*How to complete this task:* Print nothing except the line holding "Launch configuration dialog" and the lines that come after it in the material below, and leave the pictures out.

*Dataset extract:*
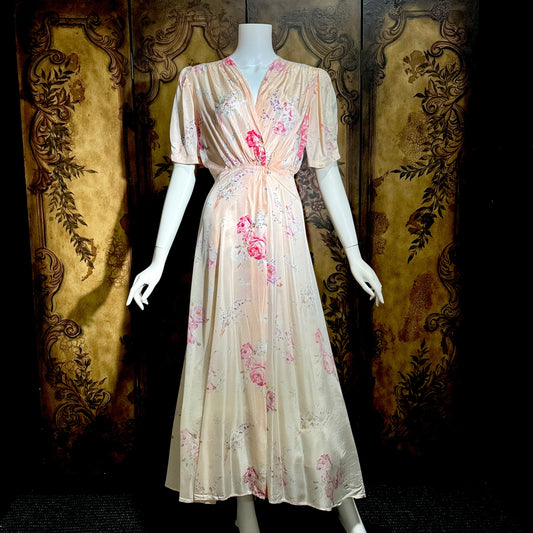1930s vintage dressing gown robe, Peachy Pink Satin Rose print floral wrap hostess gown
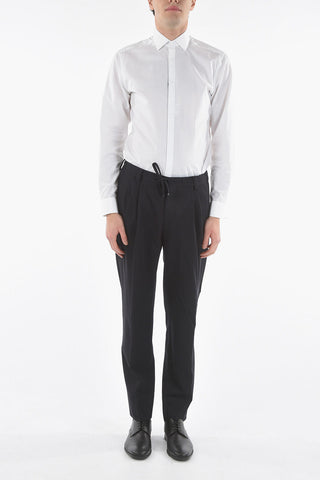 ID COLLECTION Pantalone Elegante in Lana con Lacci 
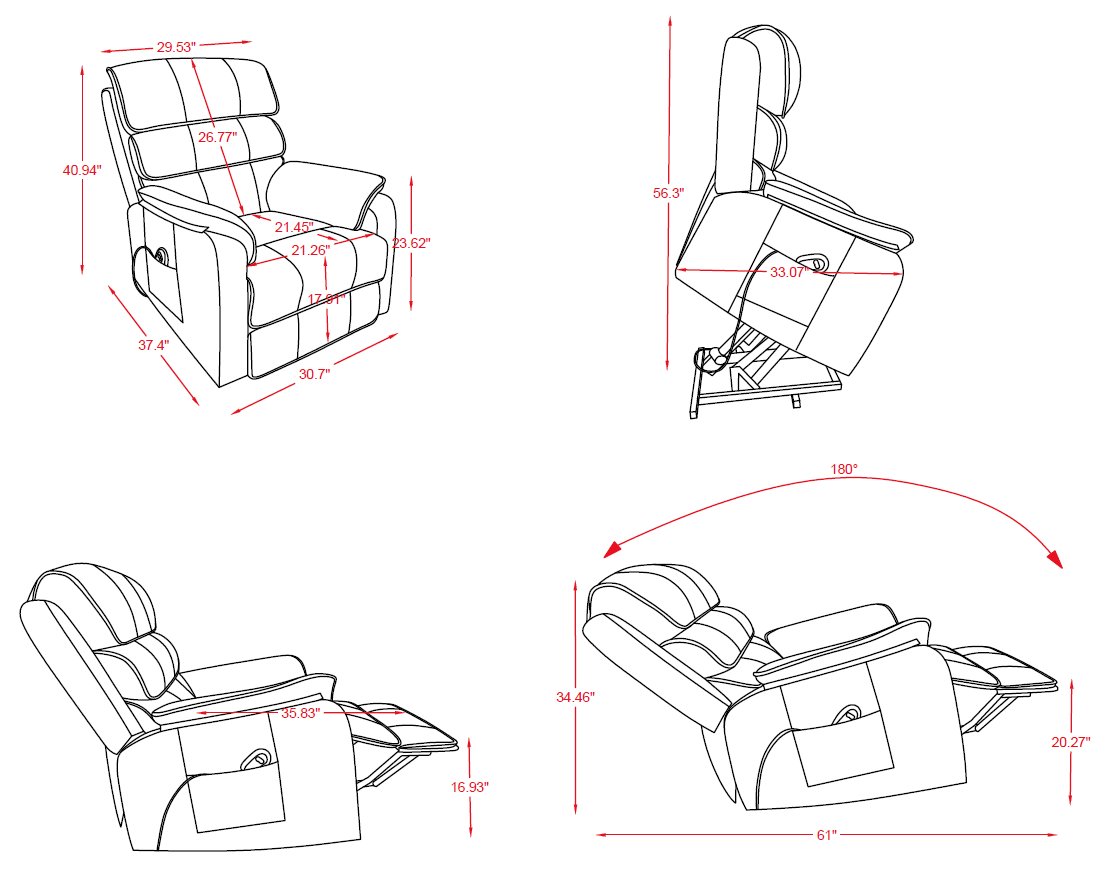 Sillón Reclinable Evan Pana Gris Eléctrico
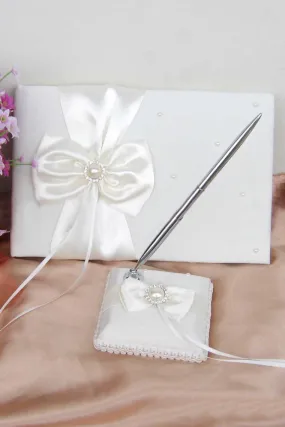 Classic Faux Pearl/Bow Guestbook & Pen Set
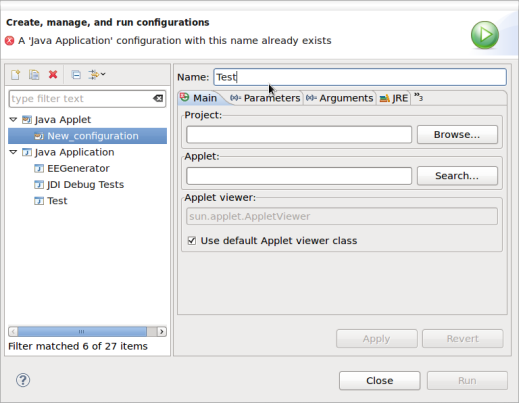 Launch configuration dialog showing name conflict error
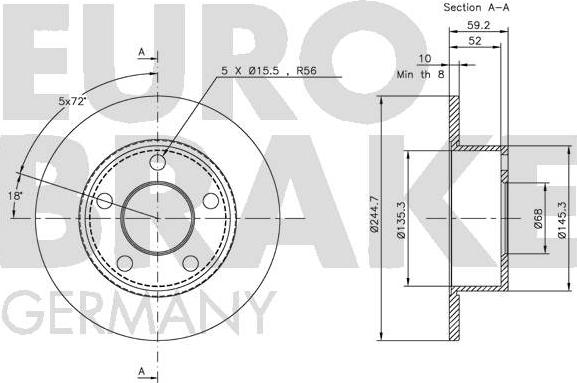 Eurobrake 5815204749 - Bremžu diski autodraugiem.lv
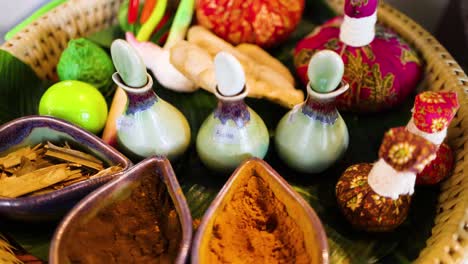 colorful spa ingredients arranged in a basket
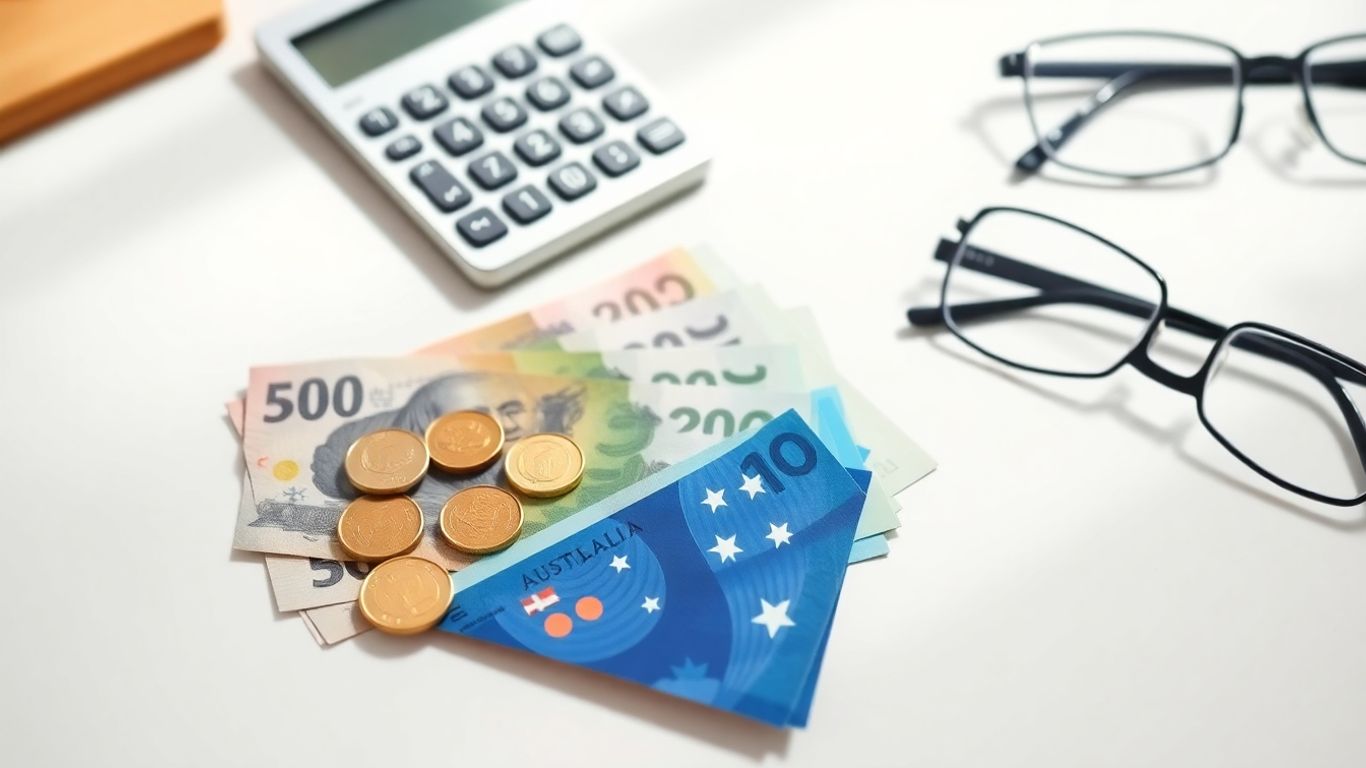 Australian money, calculator and glasses on a desk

*Response to this exercise:*
 Launch configuration dialog showing name conflict error
 Eurobrake 5815204749 - Bremžu diski autodraugiem.lv
 colorful spa ingredients arranged in a basket
 Australian money, calculator and glasses on a desk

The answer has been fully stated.